:: GOAL OF THE EXERCISE ::
All pictures are to be excluded when the data below is output verbatim.

:: INPUT DATA ::
= = = =

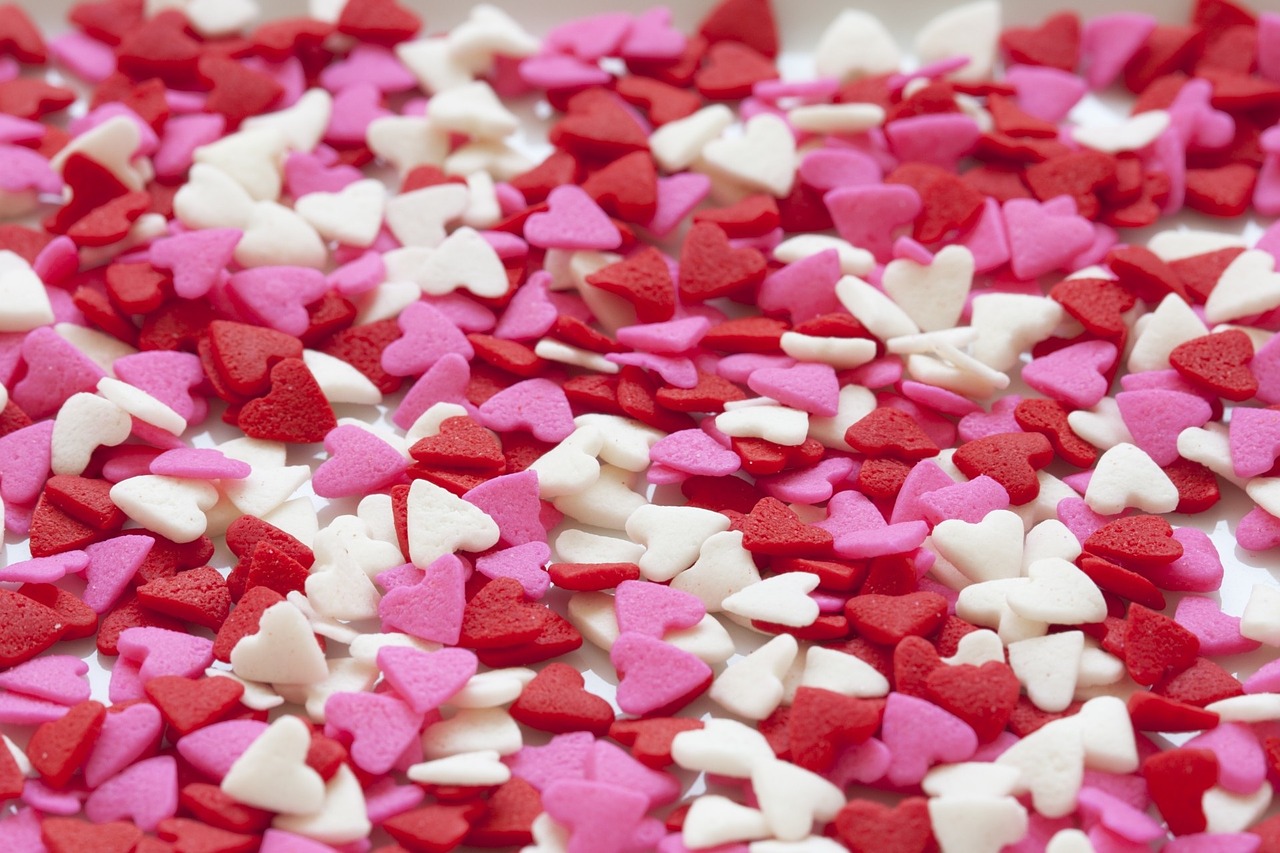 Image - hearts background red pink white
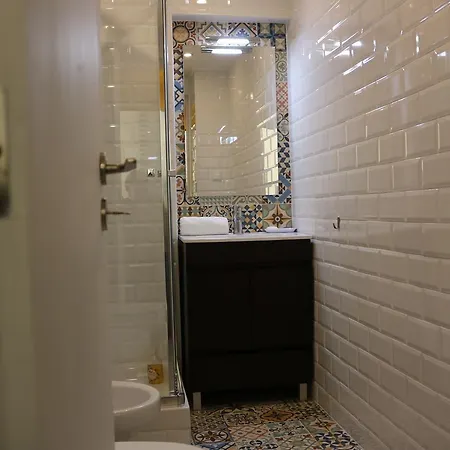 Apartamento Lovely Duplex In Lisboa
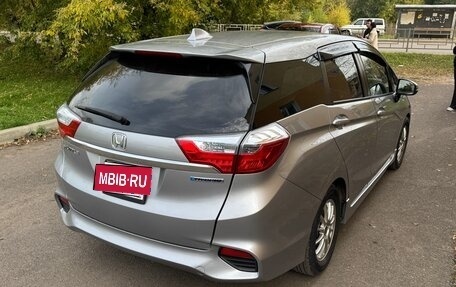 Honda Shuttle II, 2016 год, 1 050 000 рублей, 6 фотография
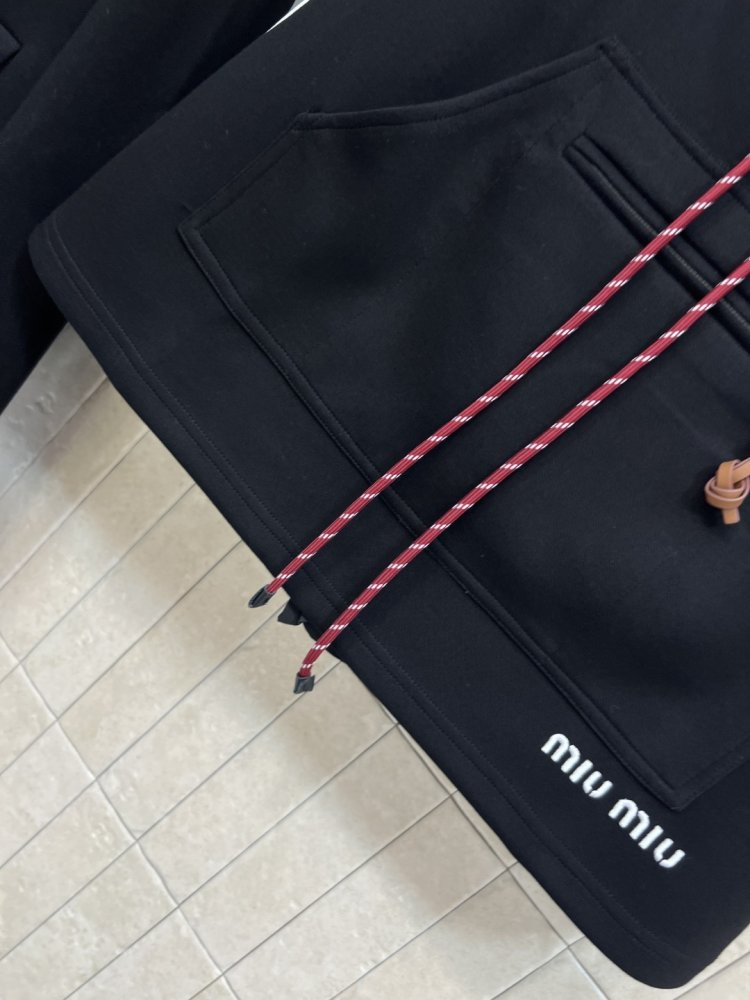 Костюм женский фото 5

= = = =

:: EXERCISE RESULT ::
 Image - hearts background red pink white
 Apartamento Lovely Duplex In Lisboa
 Honda Shuttle II, 2016 год, 1 050 000 рублей, 6 фотография
 Костюм женский фото 5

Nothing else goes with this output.